Mit Anfang 2016 trat die Strafrechtsreform 2015 in Kraft. Im Zentrum der Reform steht neben den Bilanzdelikten der reformierte Untreuetatbestand samt der sowohl im GmbH-Gesetz als auch im Aktiengesetz nunmehr verankerten Business Judgement Rule („BJR“).

Libro-Entscheidung.
Auf Basis der umstrittenen Entscheidung des OGH in Sachen Libro im Jahr 2014 (12 Os 117/12 s) war eine Tendenz der Rechtsprechung dahingehend zu befürchten, dass eine unternehmerische Entscheidung, welche sich nachträglich als wirtschaftlich nachteilig herausstellen sollte, per se als Erfüllung zumindest des objektiven Tatbestandes der Untreue gewertet werden könnte.
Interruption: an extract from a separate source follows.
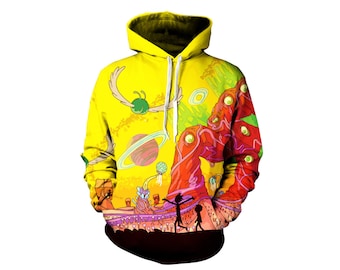 Rick and Morty Alien Pullover Hoodie - Trippy Planet Artwork Sweatshirt - Adult Swim Festival Clothing | Great Gifts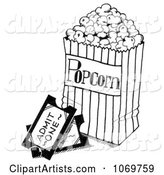 Movie Tickets and Popcorn Sketch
Positiv ist nun, dass die neue Rechtslage diese Tendenz abzuschwächen scheint.

Untreuetatbestand.
Das Delikt der Untreue verwirklicht nunmehr, wer seine Befugnis, über fremdes Vermögen zu verfügen oder einen anderen zu verpflichten, wissentlich missbraucht und dadurch den anderen am Vermögen schädigt. Seine Befugnis missbraucht, wer in unvertretbarer Weise gegen solche Regeln verstößt, die dem Vermögensschutz des wirtschaftlich Berechtigten dienen. Bei dieser Konkretisierung auf die Wortfolge „in unvertretbarer Weise“, also den Bereich außerhalb des vernünftig Argumentierbaren, handelt es sich bereits um eine Art BJR „light“. Steht einem Entscheidungsträger ein Ermessensspielraum zur Verfügung, ist das Überschreiten desselben tatbestandsmäßig. Wurden dem Entscheidungsträger hingegen klare Anweisungen gegeben, ist zudem jede Abweichung davon tatbestandsmäßig.

Business Judgement Rule.
In Ergänzung zur neuen Untreue-Regelung wurde sowohl im Aktiengesetz als auch im GmbH-Gesetz eine BJR implementiert. Demnach ist ein Vorstandsmitglied bzw ein Geschäftsführer dann nicht strafbar, wenn er sich bei einer unternehmerischen Entscheidung nicht von sachfremden Interessen leiten lässt und auf der Grundlage angemessener Information annehmen darf, zum Wohle der Gesellschaft zu handeln. Handelt der jeweilige Entscheidungsträger dementsprechend, handelt er auf Basis der BJR jedenfalls im Einklang mit der Sorgfalt eines ordentlichen Geschäftsmannes („Safe Harbour“) und hat keine strafrechtlichen Folgen zu befürchten. Wird die BJR jedoch nicht eingehalten, bedeutet dies nicht per se einen strafbaren Sorgfaltsverstoß. Ein möglicher Sorgfaltsverstoß ist sodann gesondert zu prüfen. In der Praxis ist es daher empfehlenswert, die Entscheidungsgrundlagen zu dokumentieren. Dies gilt insbesondere für jene unternehmerischen Entscheidungen, bei denen vorab schwer einzuschätzen ist, ob sie möglicherweise wirtschaftlich nachteilige Auswirkungen haben könnten.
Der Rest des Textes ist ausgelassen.